4. Take into consider the control of fracture properties of metallic materials (Charpy V
Notch [CVN] and Crack Tip Opening Displacement [CTOD]) for robust structural
design against brittle fracture.
5. Base materials selection and design guidelines for Arctic environments on strong
engineering principles and adequately conservative statistical and design margins.
6. Qualify new materials and welding techniques after carefully considering existing
standards that are suitable for cold climates but taking into account the extreme
Arctic conditions and temperature cycles present in the Arctic.
7. Use reliability-based methods to incorporate statistically bounding low temperature
fracture toughness into structural design and fatigue life assessment to enhance
structural integrity for Arctic applications.
8. Develop relevant methods for analysis and experimental measurements of fracture
toughness of metallic materials and welded metals.

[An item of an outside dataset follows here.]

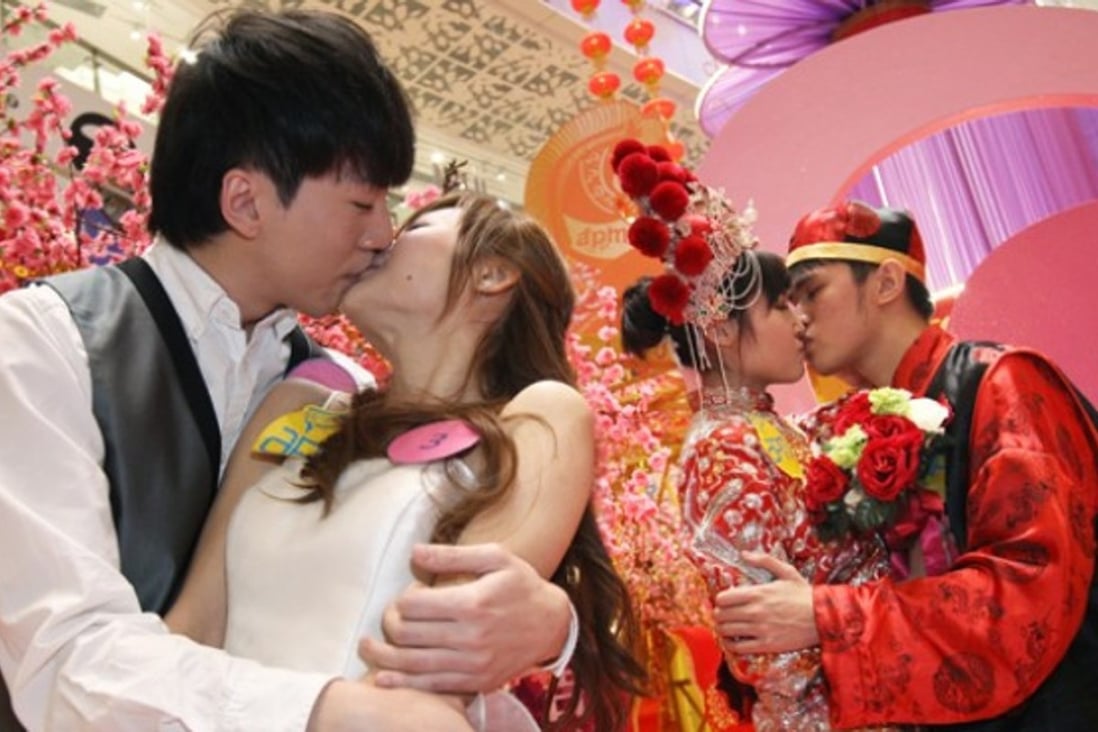 A file picture of couples taking part in a kissing contest last year in Hong Kong. The poll was conducted among 80,000 people around China. Photo: SCMP Pictures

10.2.3 Non-metallic Materials
In connection with non-metallic materials, WGK recommends that the industry:
1. Take into consideration the design loads and accumulation of ice in the structures
exposed to Arctic environments.
2. Although there are several materials that can resist lower temperatures, conduct a
thorough review of the degradation mechanisms at low temperatures in the service
environment before a polymeric material can be used in Arctic environments.

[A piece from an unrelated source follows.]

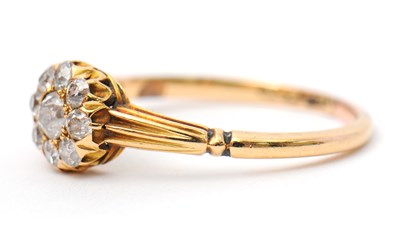 Lot 39 - A diamond ring, the small round cluster set...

3. Because of the lack of codes and standards, qualify polymeric materials that will be
used in Arctic environments at the LAST.
10.2.4 Guidelines
Finally, while significant advances have been made towards safer drilling techniques,
with more resistant materials, and better seals, the industry must develop guidelines that
prescribe the requirements for packing, shipping, handling, testing, qualifying, and de-
rating materials that will be used in Arctic environments.